• _ABOUT THIS TASK_
Leave the pictures out, and repeat exactly each line from the one that holds "Smartphone with blank" through the final line of the entries below.

Web page caption snippets:
= Beginning of Section =

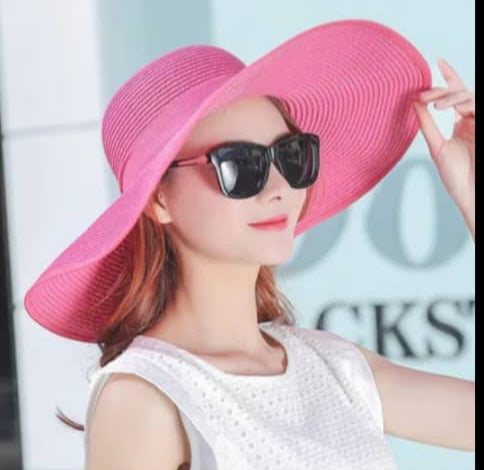 "Elegant, large straw hat with a band and bow for all your summer days"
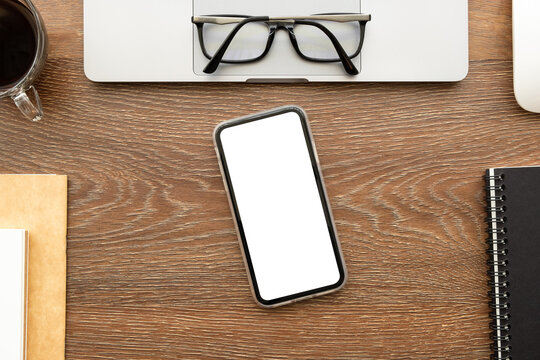 Smartphone with blank mockup screen is on top of wood office desk table with supplies. Top view with copy space, flat lay.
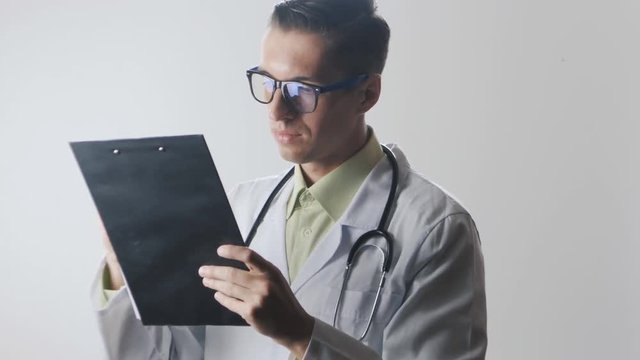 Doctor fills in the documents and invites them to sign.
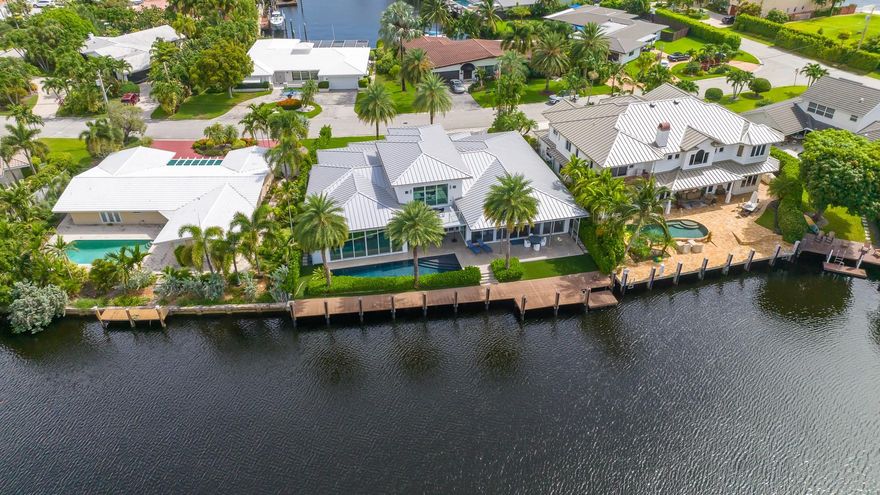 Welcome to the Landings a True boater's community. Built in 2014 & designed by Robert Tuthill. This Contemporary Waterfront 4 bed 4.5 bath 3-car garage pool home features the ultimate Open floor plan w/ 12-20ft ceilings. Split bedrooms, large master w/ spectacular water views. Home Situated on a wide water way w/ 102ft of dockage, one inlet from the intracoastal. Home has high energy efficient impact windows & doors, two 5 ton 18 seer ac units, Iclyene foam insulation in the attic, aluminum roof, 2 gas tankless hot water heaters, engineered wood flooring. Kitchen features Miele appliances, European cabinetry, induction cooktop w/gas burner, Double refrigerator & freezer, steamer, wine cooler, wet bar with kitchen Island that seats six, Experience indoor outdoor living at it's Finest !!!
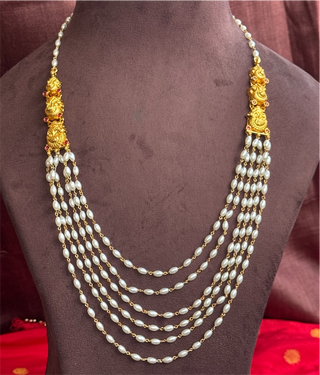 The Nivriti Silver Layered Peacock Pearl Necklace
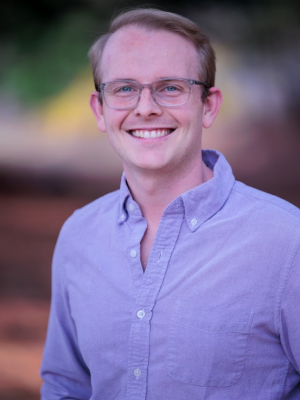 A medium close-up headshot photo of a light-skinned man wearing a purple button-up shirt and clear-rimmed glasses, with light-colored hair, smiling against a dark blurred background.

= End of Section =

• _EXERCISE RESULT_
 Smartphone with blank mockup screen is on top of wood office desk table with supplies. Top view with copy space, flat lay.
 Doctor fills in the documents and invites them to sign.
 Welcome to the Landings a True boater's community. Built in 2014 & designed by Robert Tuthill. This Contemporary Waterfront 4 bed 4.5 bath 3-car garage pool home features the ultimate Open floor plan w/ 12-20ft ceilings. Split bedrooms, large master w/ spectacular water views. Home Situated on a wide water way w/ 102ft of dockage, one inlet from the intracoastal. Home has high energy efficient impact windows & doors, two 5 ton 18 seer ac units, Iclyene foam insulation in the attic, aluminum roof, 2 gas tankless hot water heaters, engineered wood flooring. Kitchen features Miele appliances, European cabinetry, induction cooktop w/gas burner, Double refrigerator & freezer, steamer, wine cooler, wet bar with kitchen Island that seats six, Experience indoor outdoor living at it's Finest !!!
 The Nivriti Silver Layered Peacock Pearl Necklace
 A medium close-up headshot photo of a light-skinned man wearing a purple button-up shirt and clear-rimmed glasses, with light-colored hair, smiling against a dark blurred background.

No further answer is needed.